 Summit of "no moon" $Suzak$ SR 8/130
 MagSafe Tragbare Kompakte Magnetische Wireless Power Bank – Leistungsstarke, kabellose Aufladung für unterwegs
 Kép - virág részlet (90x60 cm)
§
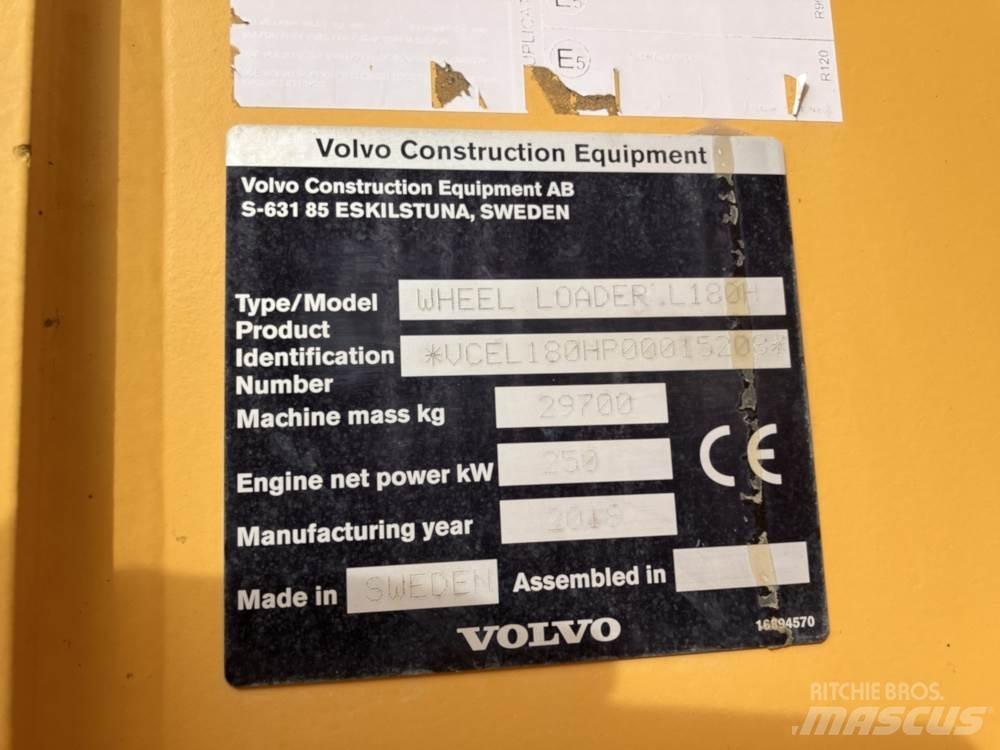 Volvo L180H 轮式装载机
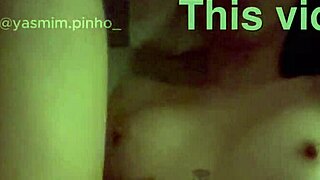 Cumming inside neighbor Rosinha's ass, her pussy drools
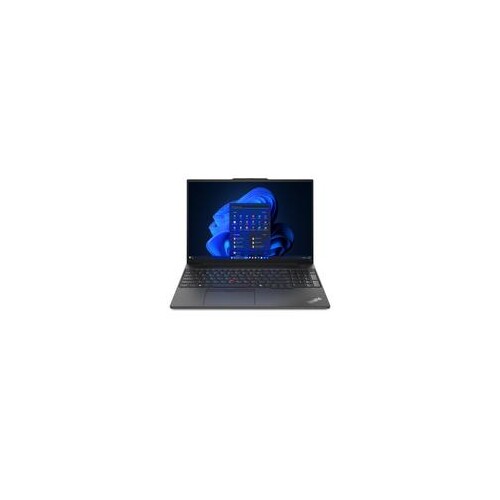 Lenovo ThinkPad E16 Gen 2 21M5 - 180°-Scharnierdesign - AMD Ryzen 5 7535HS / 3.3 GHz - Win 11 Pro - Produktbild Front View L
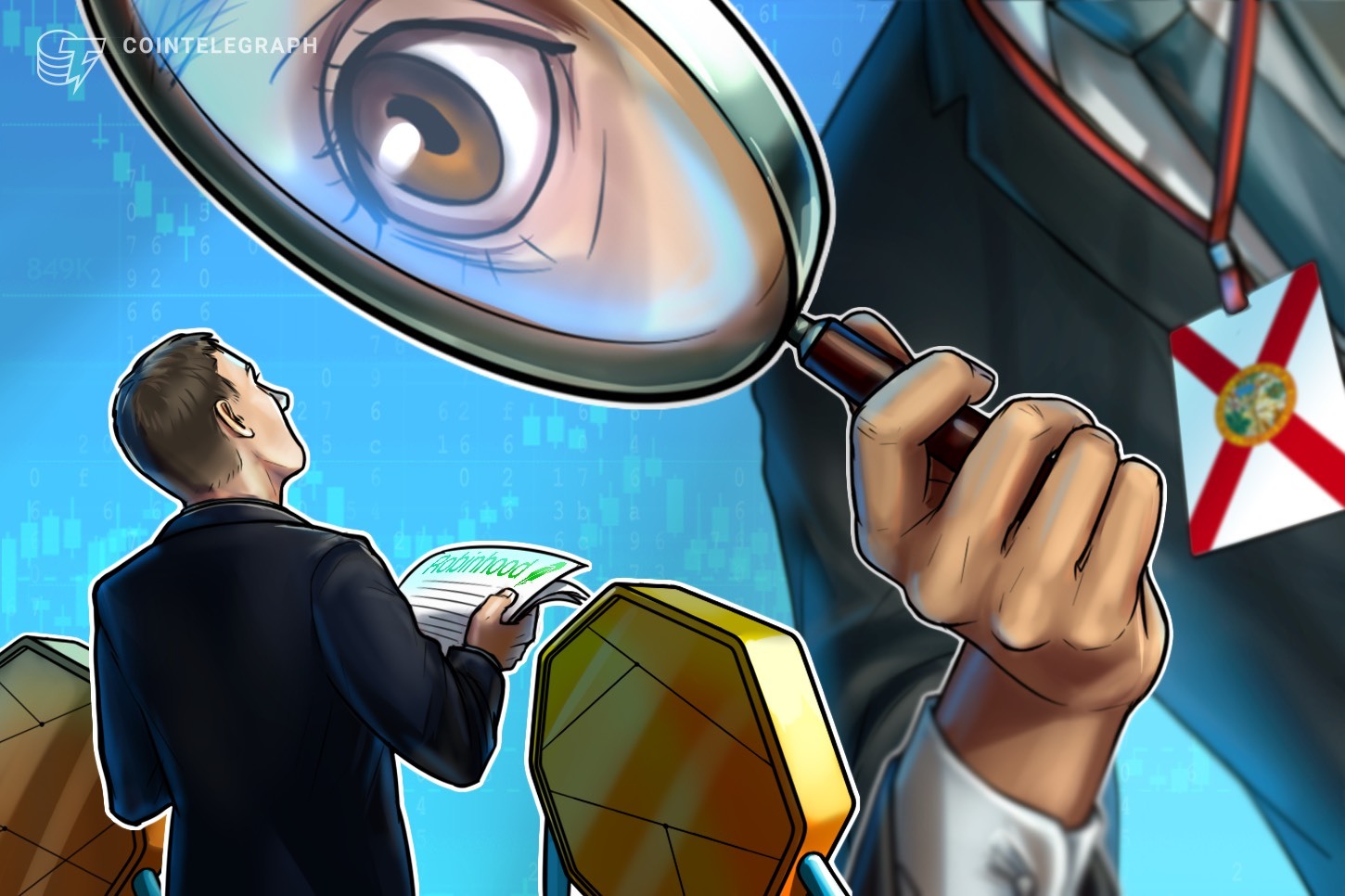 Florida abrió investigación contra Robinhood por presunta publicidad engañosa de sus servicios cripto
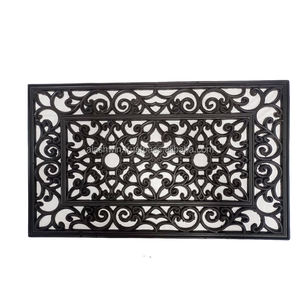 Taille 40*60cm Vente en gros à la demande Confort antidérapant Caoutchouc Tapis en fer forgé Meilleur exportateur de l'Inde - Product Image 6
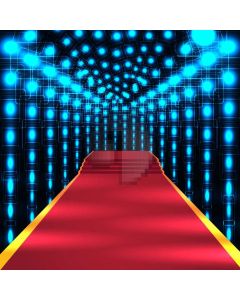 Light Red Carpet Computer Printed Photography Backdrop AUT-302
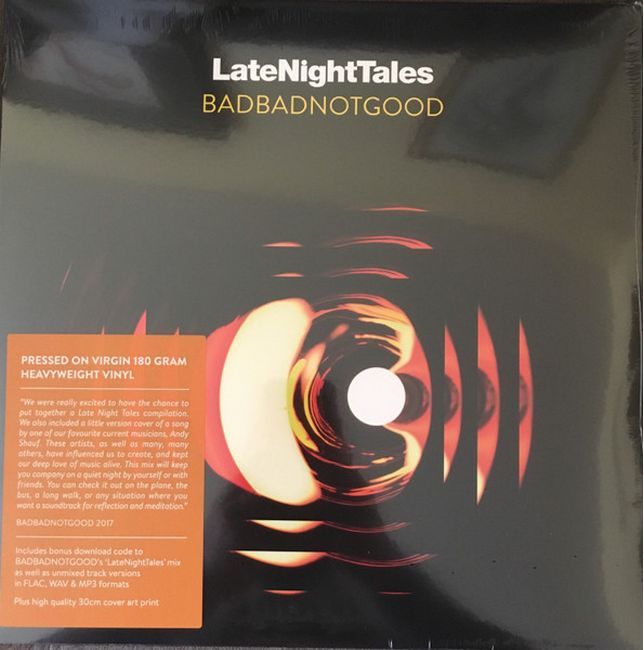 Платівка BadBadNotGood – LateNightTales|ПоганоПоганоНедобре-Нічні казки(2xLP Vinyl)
§
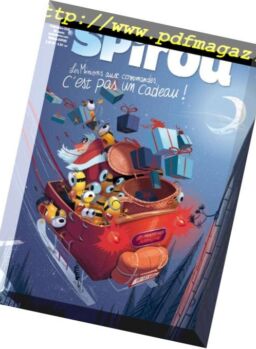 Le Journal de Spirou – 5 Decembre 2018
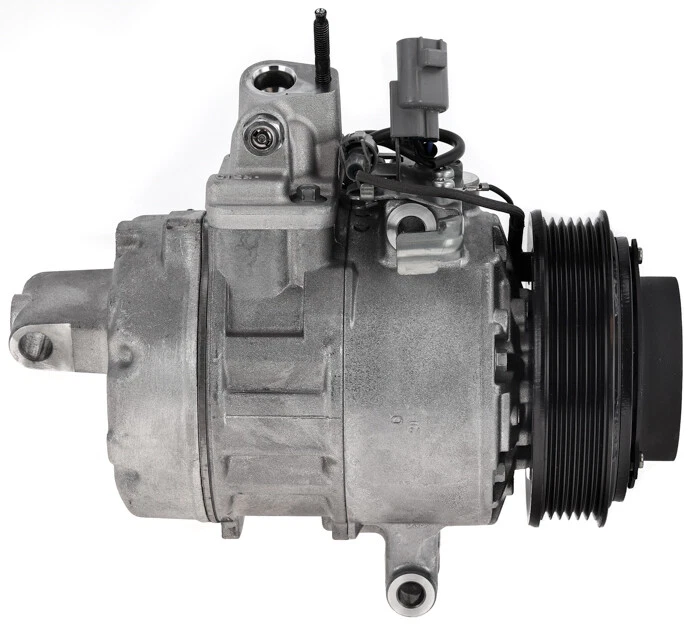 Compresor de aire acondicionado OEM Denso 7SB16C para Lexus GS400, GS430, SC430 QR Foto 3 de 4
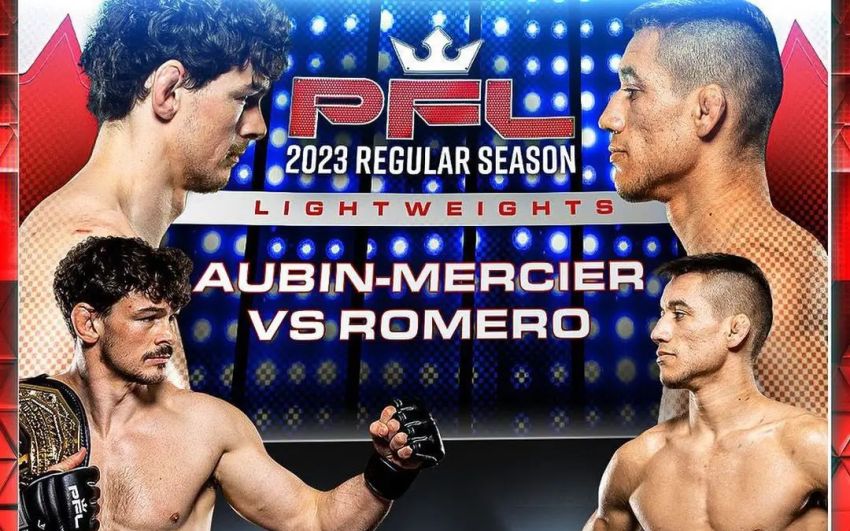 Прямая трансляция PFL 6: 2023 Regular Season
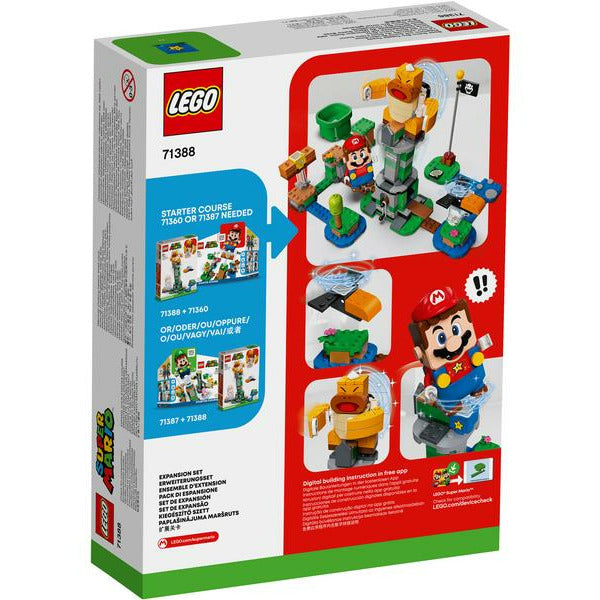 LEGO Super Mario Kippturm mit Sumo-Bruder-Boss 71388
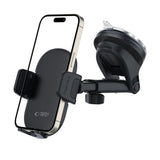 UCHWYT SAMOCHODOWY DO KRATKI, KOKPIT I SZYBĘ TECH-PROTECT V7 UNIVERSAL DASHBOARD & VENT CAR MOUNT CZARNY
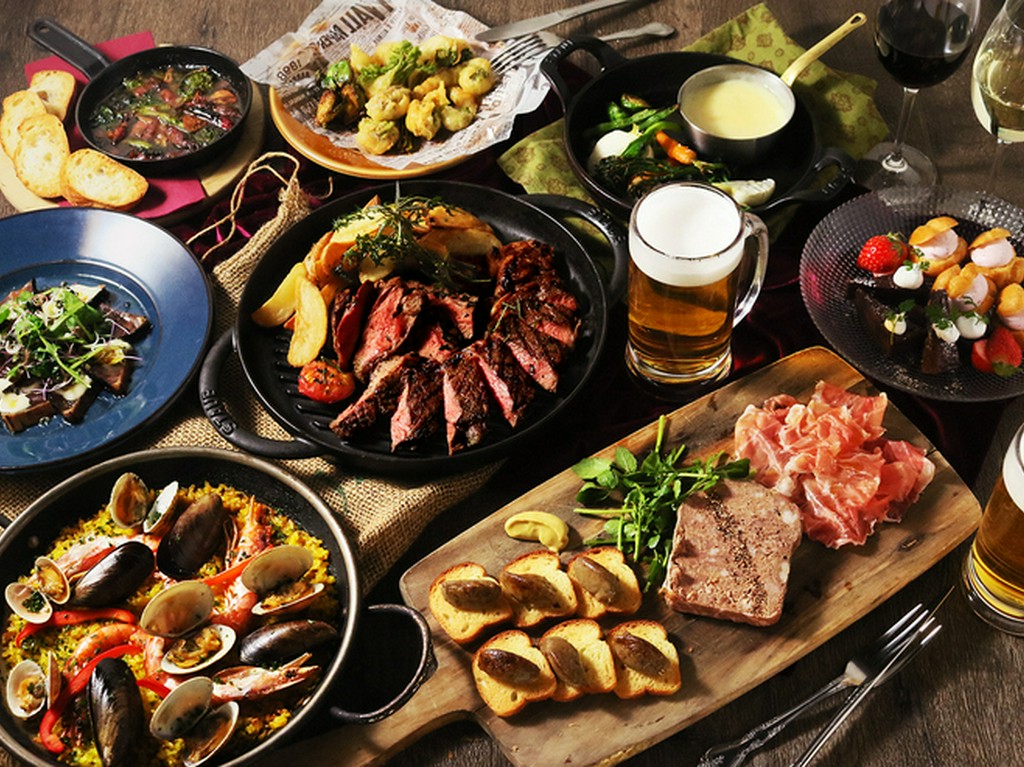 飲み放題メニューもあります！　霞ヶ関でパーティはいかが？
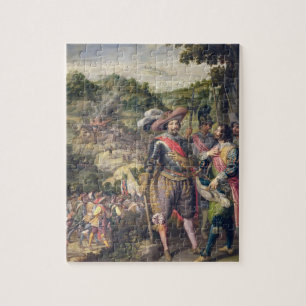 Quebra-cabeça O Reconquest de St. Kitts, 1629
§
_About this exercise_: Within the listing above, write out the stretch from the line with "Lenovo ThinkPad E16" through the line with "Платівка BadBadNotGood –" exactly. Any pictures are to be left out.

_Response_:
 Lenovo ThinkPad E16 Gen 2 21M5 - 180°-Scharnierdesign - AMD Ryzen 5 7535HS / 3.3 GHz - Win 11 Pro - Produktbild Front View L
 Florida abrió investigación contra Robinhood por presunta publicidad engañosa de sus servicios cripto
 Taille 40*60cm Vente en gros à la demande Confort antidérapant Caoutchouc Tapis en fer forgé Meilleur exportateur de l'Inde - Product Image 6
 Light Red Carpet Computer Printed Photography Backdrop AUT-302
 Платівка BadBadNotGood – LateNightTales|ПоганоПоганоНедобре-Нічні казки(2xLP Vinyl)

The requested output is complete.